Initially, we must determine whether the exercise of the automatic change of venue constitutes state action and whether Becze had standing to assert the equal protection rights of the excluded jurors. We find the reasoning set forth in Edmonson, which held that a civil litigant exercising a peremptory challenge was acting pursuant to a course of state action, to be applicable. Under the state action analysis, we first ask whether the claimed constitutional deprivation resulted from the exercise of a right or privilege having its source in state authority. Edmonson, 500 U.S. at 618-22, 111 S.Ct. at 2082-83. Next, we must determine whether the private party charged with the deprivation could be described in all fairness as a state actor. Id. at 620, 111 S.Ct. at 2083. Clearly, Osmulski, in filing her motion for change of venue, was exercising a privilege having its source in state authority: the Indiana Rules of Trial Procedure. In analyzing the second part of the inquiry, it is relevant to examine the extent to which the actor relies on government assistance and benefits. Id. Clearly, without the "overt, significant participation of the government," the court system and procedural rules utilized by Osmulski would not exist. See Id. 500 U.S. at 622, 111 S.Ct. at 2084. We find that Osmulski's motion for an automatic change of venue was pursuant to a course of state action and therefore subject to the dictates of the Constitution.

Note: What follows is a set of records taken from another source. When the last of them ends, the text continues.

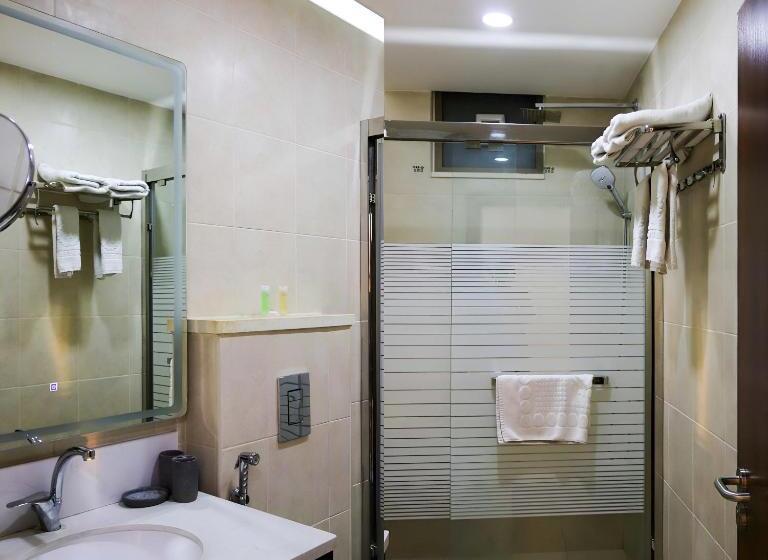 هتل Jordan Seasons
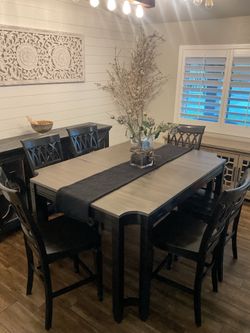 Dinning Table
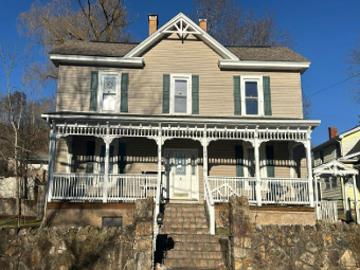 Tazewell Ave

Further, under Powers, we conclude that Becze had standing to assert the equal protection rights of the excluded jurors. A Having determined that Osmulski filed her motion for change of venue pursuant to a course of state action and that Becze had standing to raise the equal protection rights of the excluded jurors, we now apply the dictates of Batson to the case at hand. After a litigant has established a prima...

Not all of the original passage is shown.